(Aim of the exercise) Look below for the line containing "Image of Rocker Panel image for your Ford" and the line containing "HP OmniBook 5", then set down both and every line between them exactly, without pictures.

(Data for this task)
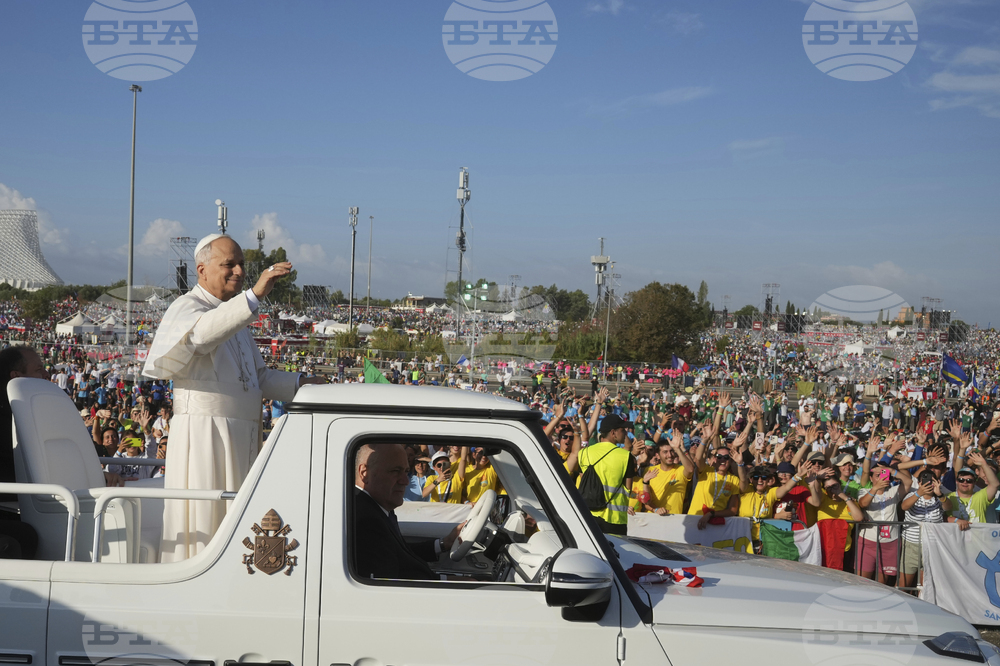 Italy Pope Youths Jubilee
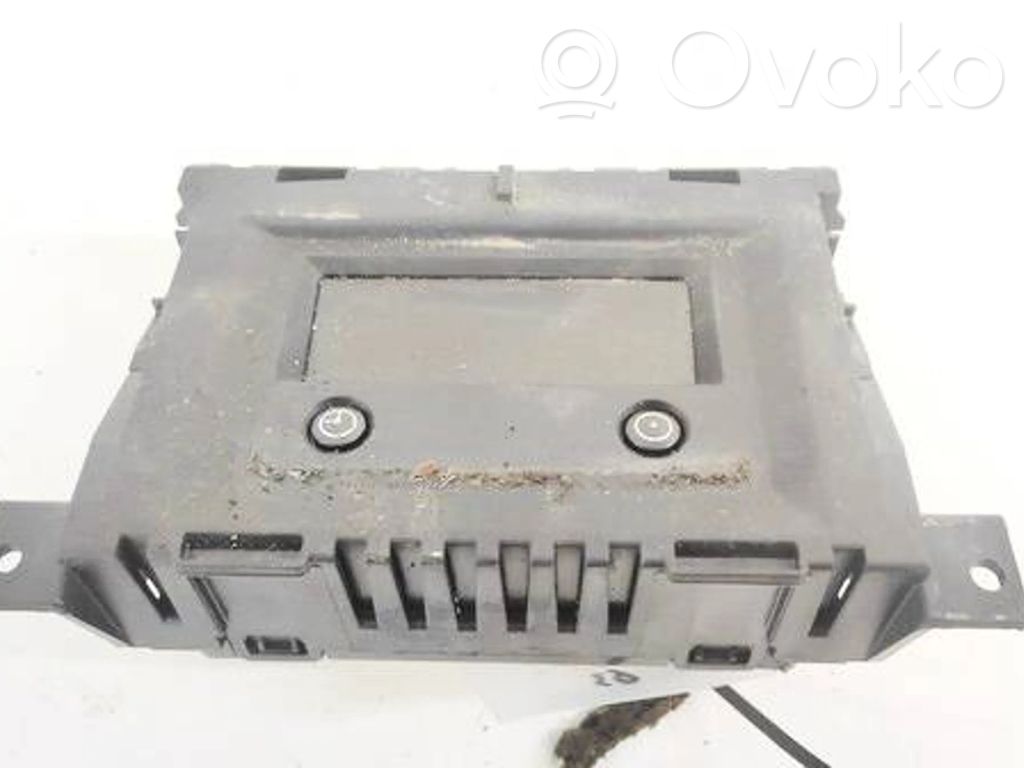 Opel Zafira B Monitor/display/piccolo schermo 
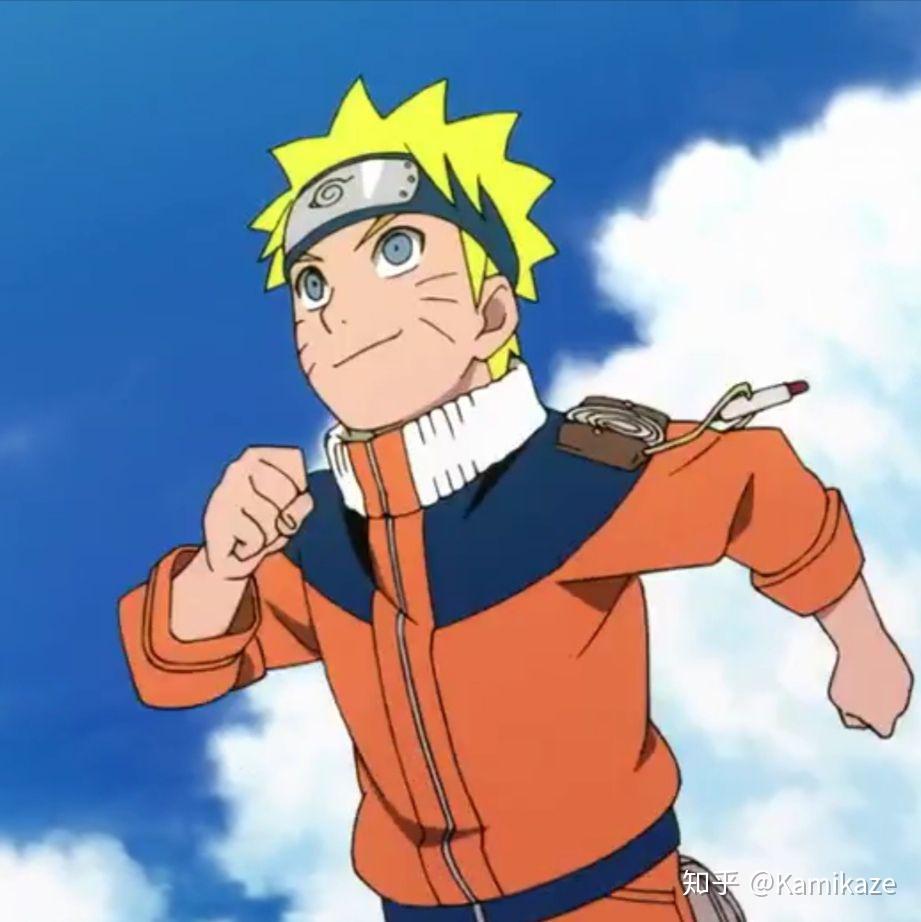 有没有适合当头像的幼年鸣人的图片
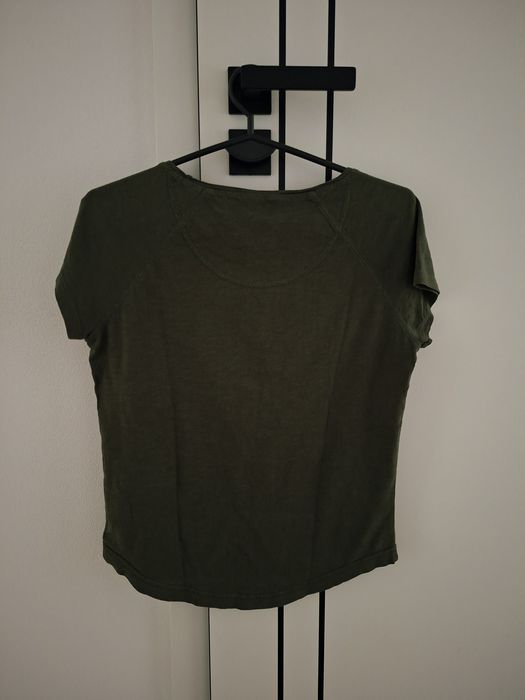 T-shirt basic marki Closed | Bawełna 100% | Z metki XS (pasuje na S / M)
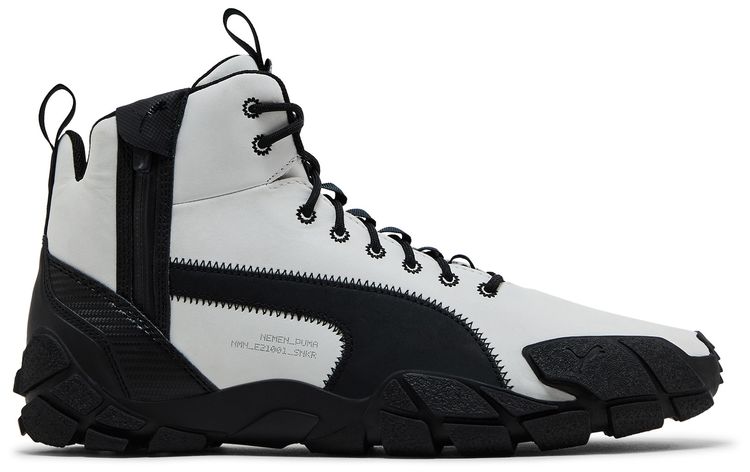 NEMEN x Puma Centaur Mid White Black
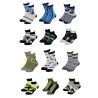 Chaussettes Enfant JURASSIC WORLD fantaisie -Assortiment modèles photos selon arrivages-
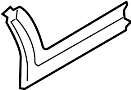 Image of Rocker Panel image for your Ford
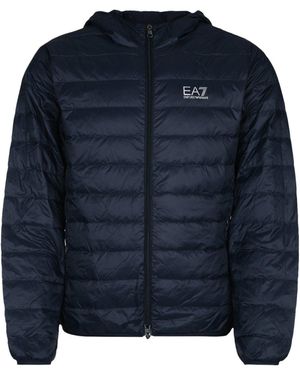 EA7 Giubbino - Blau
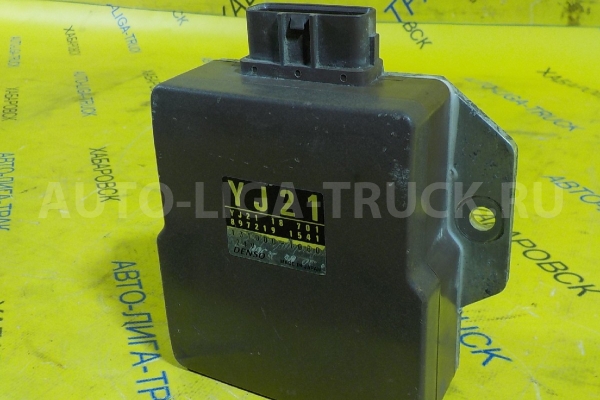 Блок управления ТНВД Mazda Titan 4HG1 Блок управления ТНВД 4HG1 2000  YJ21-18-701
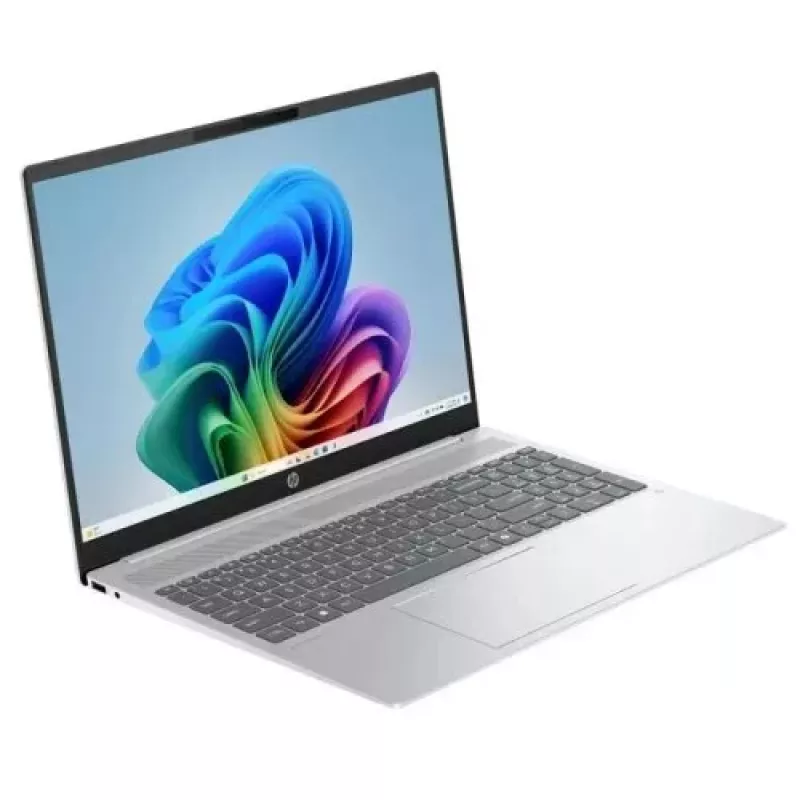 HP OmniBook 5 16-ag1070 16 polegadas 2K WUXGA AMD Ryzen AI 7 350 16GB 512GB SSD Windows 11 Home, Glacier Silver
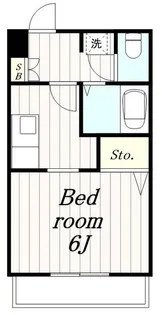 VILLA 5【2階】の間取り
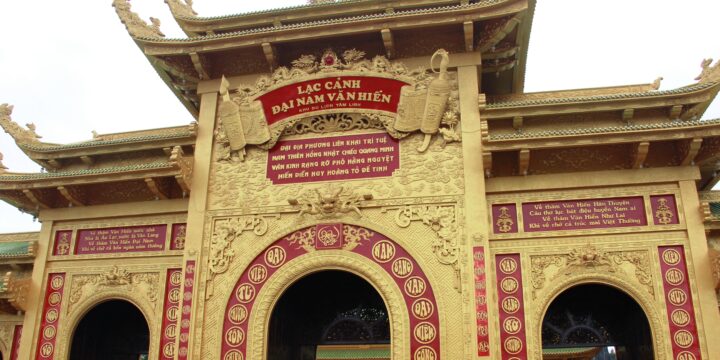 Lạc cảnh văn hiến Đại nam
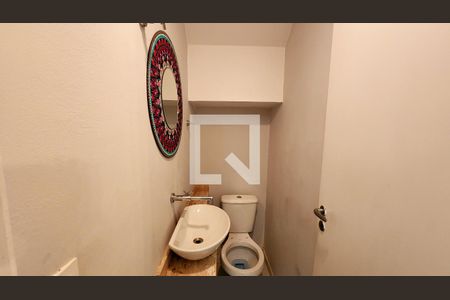 Lavabo de casa de condomínio para alugar com 3 quartos, 130m² em Cidade Nova, Jundiaí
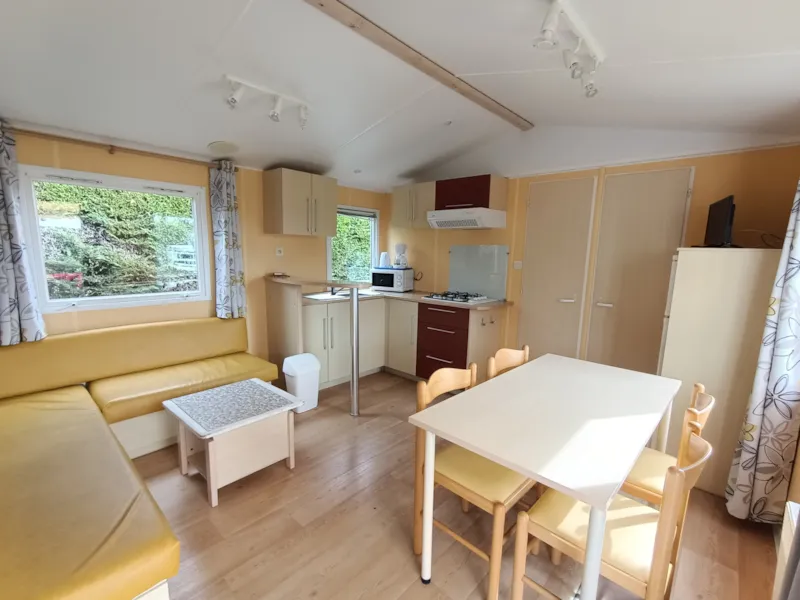 Mobil-Home Confort 2 Chambres  25 Et 30M²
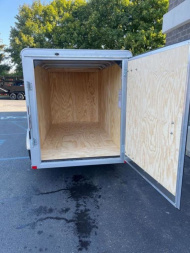 New 2023 Car Mate Trailers V-Sport Cargo Single Axle CM510ECV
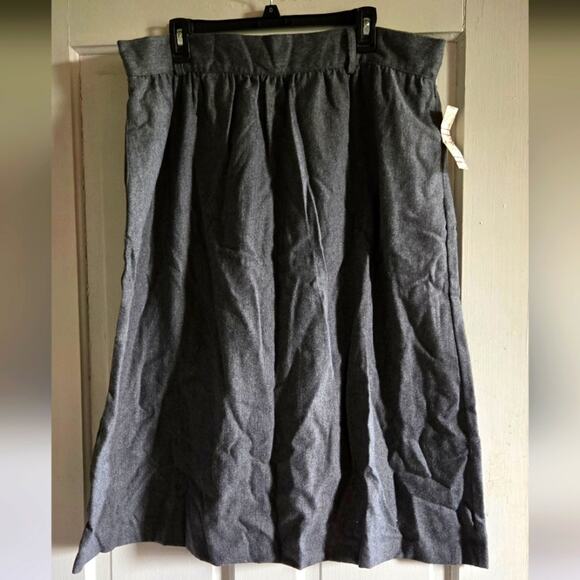 Vintage wool blend skirt, NEW WITH TAGS! - Picture 1 of 6
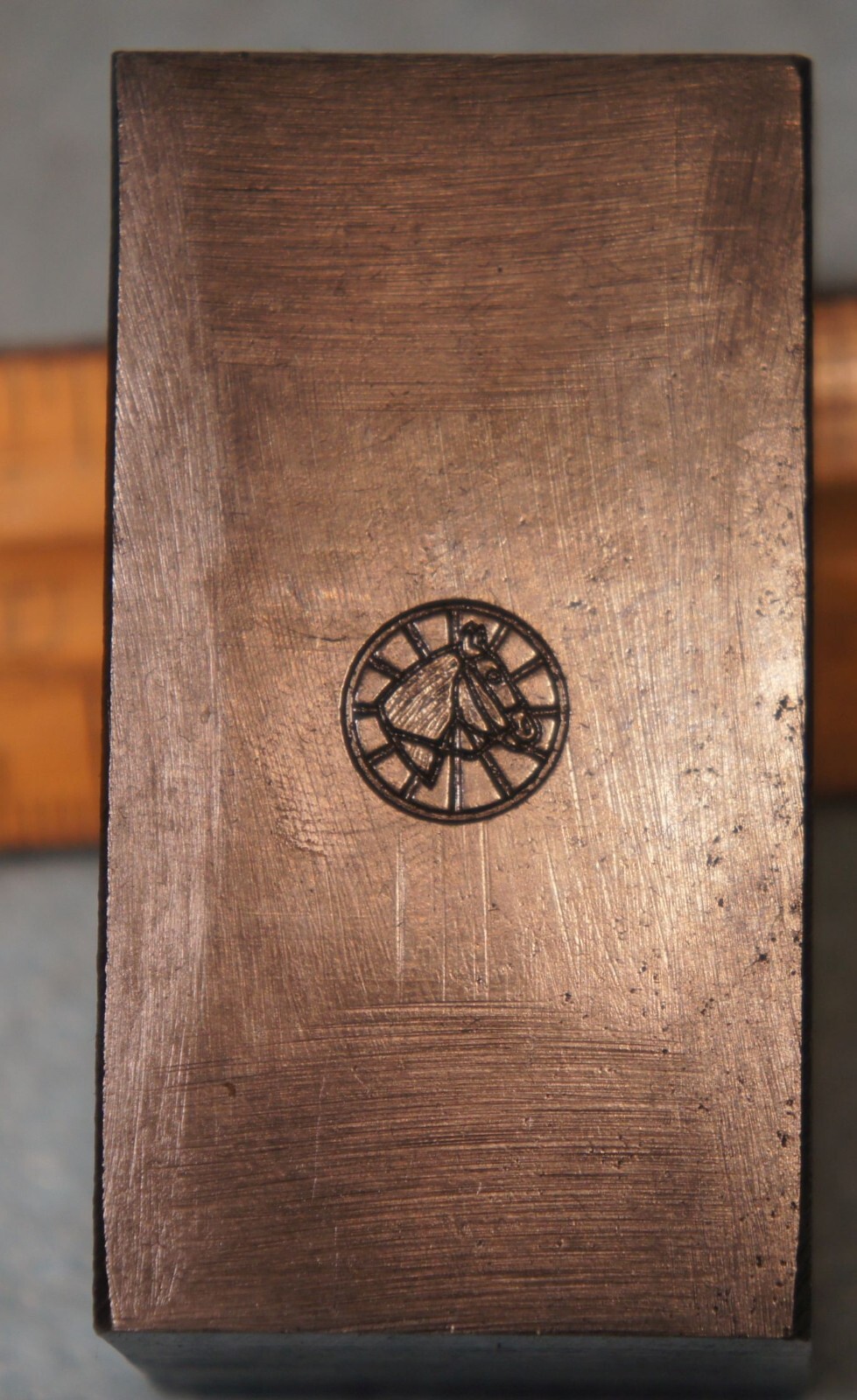 1924 FIFTH AVENUE COACH Horse Wheel Pin STEEL STAMPING DIE Robbins RBX364 NY BUS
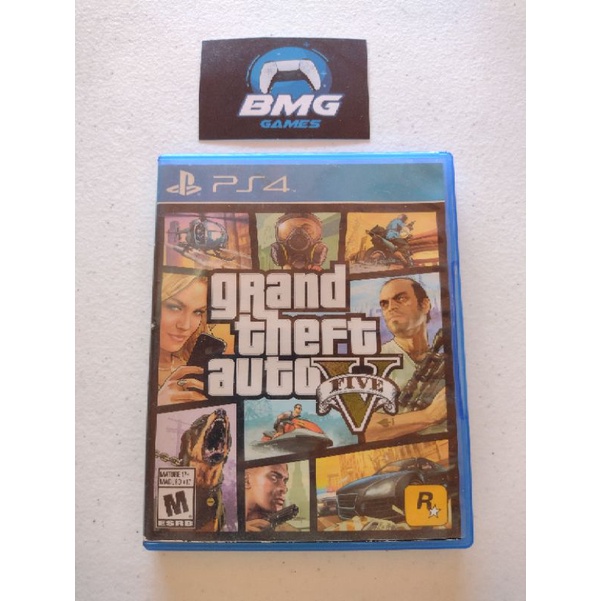 Grand Theft Auto 5 GTA 5 Mídia Física 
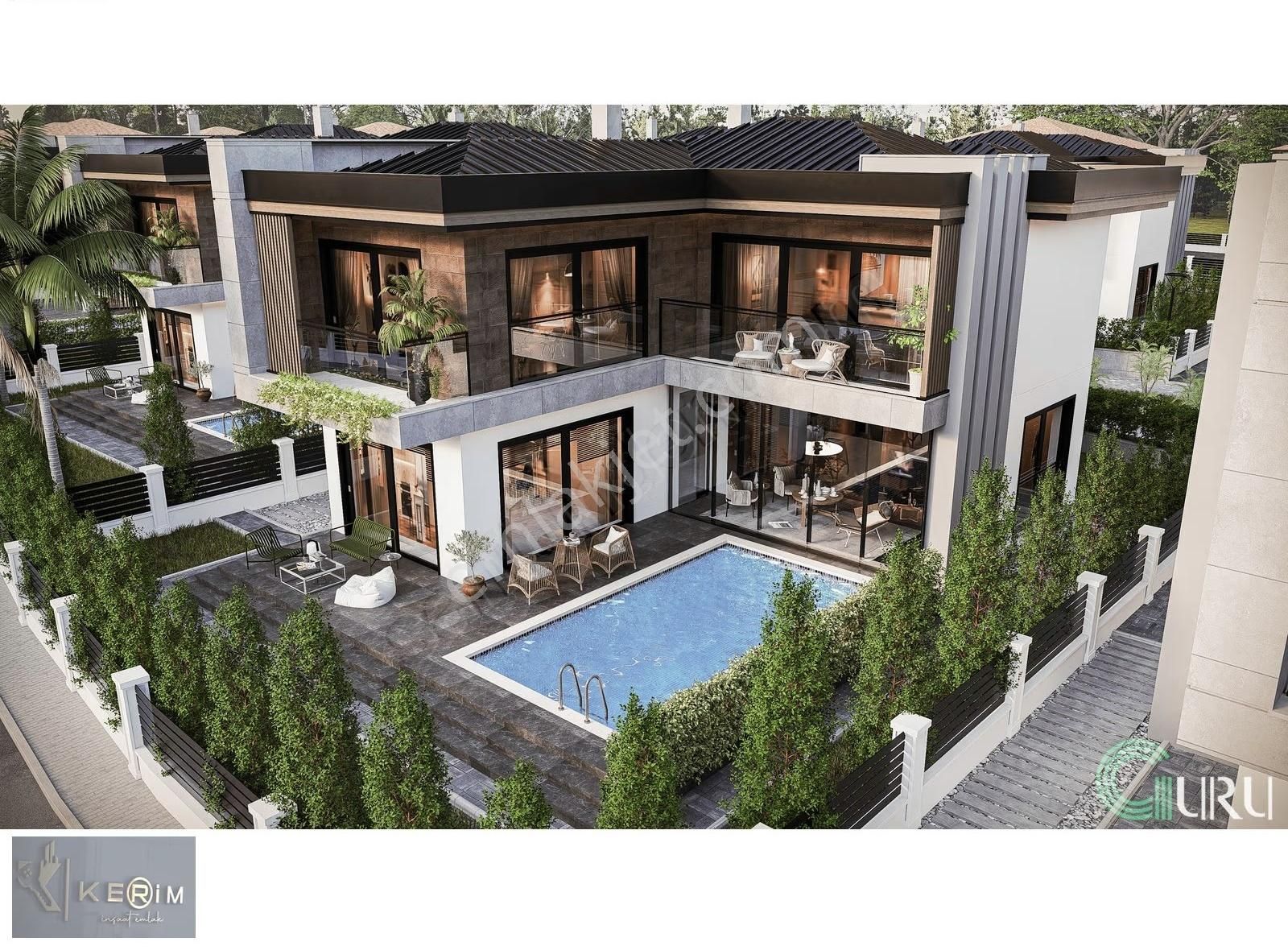 ✅ Kerim'den Küçükkuyu Satılık Lüks 4+1 Havuzlu Sıfır Villa - Görsel 2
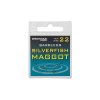 Drennan háčky bez protihrotu Silverfish Maggot Barbless vel. 22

(Task solution)
 Image of Rocker Panel image for your Ford
 EA7 Giubbino - Blau
 Блок управления ТНВД Mazda Titan 4HG1 Блок управления ТНВД 4HG1 2000  YJ21-18-701
 HP OmniBook 5 16-ag1070 16 polegadas 2K WUXGA AMD Ryzen AI 7 350 16GB 512GB SSD Windows 11 Home, Glacier Silver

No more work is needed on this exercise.